Climate change impacts overall also continue to test our national infrastructure that is "not climate ready," much of which is toward the end of its service life, according to Carlarne.
"Everything from, you see, the collapse of bridges during Katrina and the ones in Florida most more recently as well -- we have this backdrop of aging infrastructure which is creating a lot of danger for us," Carlarne said.
Carney said Florida's task is to take a much more aggressive stance on building a strong climate-resilient and climate-mitigating infrastructure to bring down insurance rates, incentivize quality construction and create a stronger community.
"We're still really not seeing the full extent of what could happen," said Carney. "Even though we're building better now than we might have been doing 30 years ago -- I should totally believe we are -- the risks are growing faster. We're doing better, but in 20 years are we going to look back on what we're doing now and say, 'Wow, we didn't build high enough. We didn't build strong enough.'"
But developers say key building codes and a future-focused outlook has led to climate-resilient homes.
Developers and insurers plan for the road head
For Willy Nunn, the president of private developer Homes By WestBay in Tampa Bay, the population growth has sparked excitement for his business.
Nunn pointed to key decadesold building requirements that he believes have led to more sustainable developments: requiring homes to be built above FEMA's flood elevation levels, the development of stormwater management districts, and ongoing building code updates concerning concrete block framing, steel reinforcement, and impact-resistant window requirements in certain areas of the state.
"I'm in my newer house, and my storm shutters are up and I'm not going anywhere," said Nunn ahead of Hurricane Milton.
Nunn's concerns also lie with older homes that have less protections: "How do we rebuild some of the older homes that have been damaged or destroyed?

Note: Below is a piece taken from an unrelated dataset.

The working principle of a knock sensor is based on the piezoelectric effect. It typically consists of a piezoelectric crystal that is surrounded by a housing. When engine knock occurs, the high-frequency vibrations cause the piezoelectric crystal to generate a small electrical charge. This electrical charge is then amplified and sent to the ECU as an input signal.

And how does federal money get deployed to rebuild those structures at higher elevations?" asked Nunn.
Though newer homes may be better able to withstand climate impacts, the anticipation of climate impacts has taken a toll on residents' wallets.

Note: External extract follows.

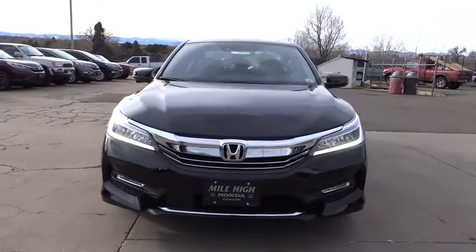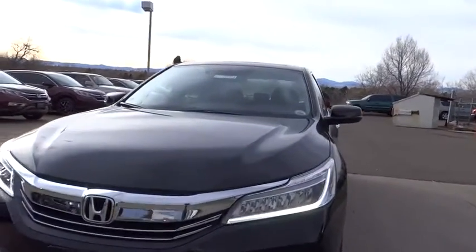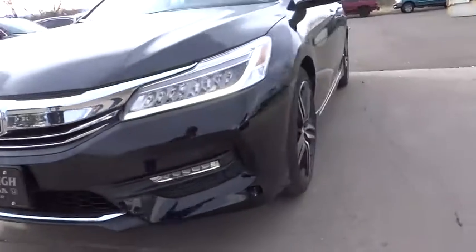Backup camera. Anti-lock braking system. Leather wrapped steering wheel. Bluetooth. Power steering. Adjustable steering wheel. Keyless start. Cruise control. Four wheel disc brakes.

The average home insurance price in the state jumped a staggering 43% from January 2018 to December 2023, according to S&P Global. Flood insurance in some Florida locations may rise by thousands, according to one analysis of new FEMA data.
Data from Redfin over the summer indicated that the state’s housing market may be responding to these concerns, as Florida’s west coast house market cools much faster than anywhere else in the U.S, potentially responding to both climate and cost factors.
However, the market has recently stabilized, with an average rate increase statewide of 1.6%, according to Insurance Information Institute in an interview with ABC News. It's an improvement from the last several years when several companies went insolvent, others stopped new business and some withdrew from the market.